17. The audio coding device of claim 15, wherein the programming
instructions for execution by the at least one processor cause the
audio coding device further to update the buffered inter-channel
time difference information of the at least one past frame when a
first voice activation detection result of the at least one past
frame is a first active frame or a second voice activation
detection result of the current frame is a second active frame.

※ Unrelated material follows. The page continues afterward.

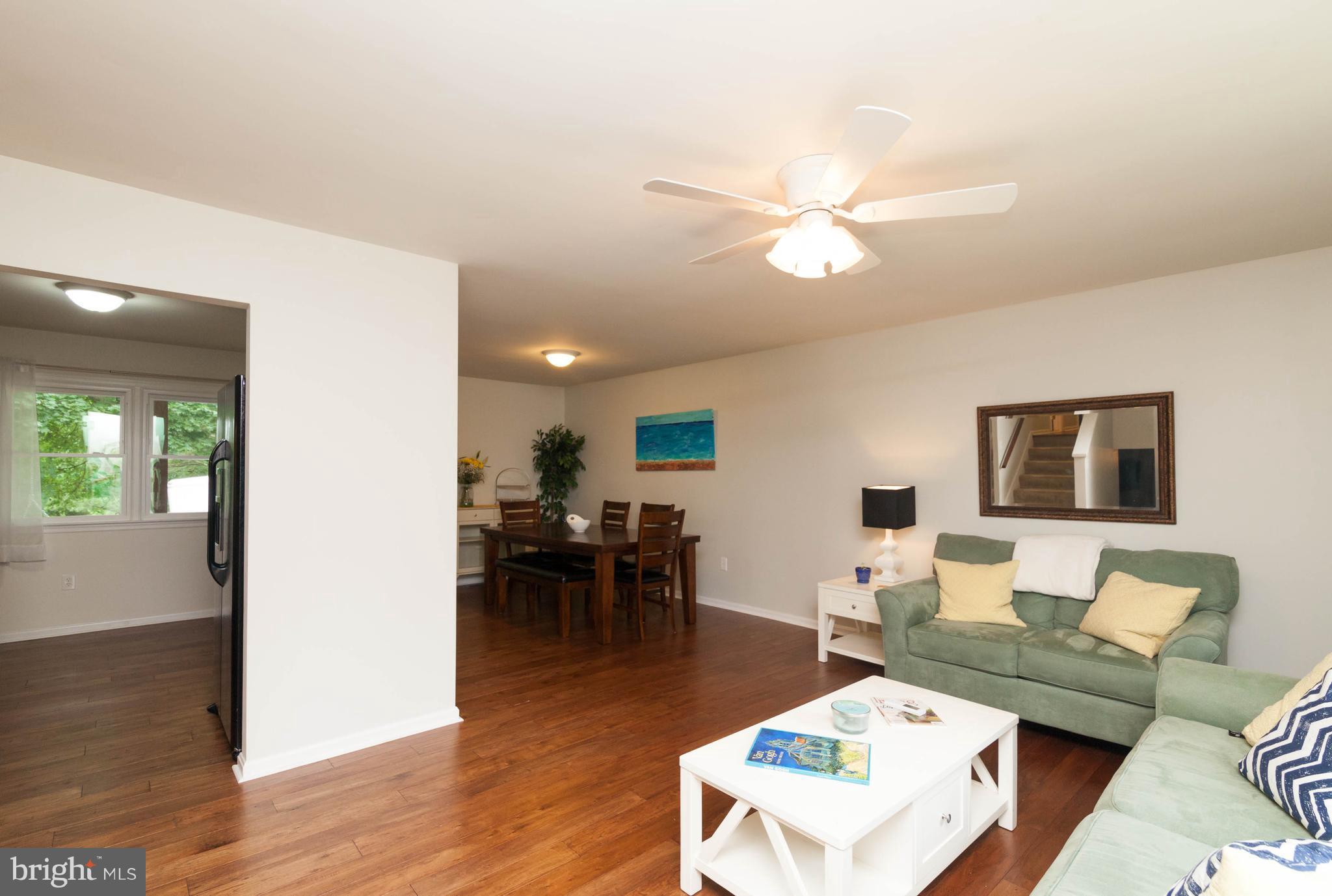 7006 Settlers Ridge Road Warrenton, VA 20187 - Photo 5 of 28 Living Room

18. The audio coding device of claim 14, wherein the programming
instructions for execution by the at least one processor cause the
audio coding device further to update a buffered weighting
coefficient of the at least one past frame, and wherein the
buffered weighting coefficient of the at least one past frame is a
weighting coefficient in the weighted linear regression audio
coding device.
19. The audio coding device of claim 18, wherein the adaptive
window function of the current frame is determined based on a
smoothed inter-channel time difference of the at least one past
frame, wherein when updating the buffered weighting coefficient of
the at least one past frame, the programming instructions for
execution by the at least one processor cause the audio coding
device further to: calculate a first weighting coefficient of the
current frame based on a smoothed inter-channel time difference
estimation deviation of the current frame; and update a buffered
first weighting coefficient of the at least one past frame based on
the first weighting coefficient of the current frame, wherein the
first weighting coefficient of the current frame is calculated
using formulas comprising:
wgt_par1=a_wgt1*smooth_dist_reg_update+b_wgt1;
a_wgt1=(xl_wgt1-xh_wgt1)/(yh_dist1'-yl_dist1'); and
b_wgt1=xl_wgt1-a_wgt1*yh_dist1', wherein wgt_par 1 is the first
weighting coefficient of the current frame, wherein
smooth_dist_reg_update is the smoothed inter-channel time
difference estimation deviation of the current frame, wherein
xh_wgt is an upper limit value of the first weighting coefficient,
wherein xl_wgt is a lower limit value of the first weighting
coefficient, wherein yh_dist1' is a first smoothed inter-channel
time difference estimation deviation corresponding to the upper
limit value of the first weighting coefficient, wherein yl_dist1'
is a second smoothed inter-channel time difference estimation
deviation corresponding to the lower limit value of the first
weighting coefficient, and wherein yh_dist1yl_dist1', xh_wgt1, and
xl_wgt1 are all positive numbers.
20. The audio coding device of claim 19, wherein the first
weighting coefficient of the current frame is further calculated
using additional formulas comprising: wgt_par1=min(wgt_par1,
xh_wgt1); and wgt_par1=max(wgt_par1, xl_wgt1), wherein min
represents taking of a minimum value, and wherein max represents
taking of a maximum value.
21. The audio coding device of claim 18, wherein the adaptive
window function of the current frame is determined based on an
inter-channel time difference estimation deviation of the current
frame, and wherein when updating the buffered weighting coefficient
of the at least one past frame, the programming instructions for
execution by the at least one processor cause the audio coding
device further to: calculate a second weighting coefficient of the
current frame based on the inter-channel time difference estimation
deviation of the current frame; and update a buffered second
weighting coefficient of the at least one past frame based on the
second weighting coefficient of the current frame.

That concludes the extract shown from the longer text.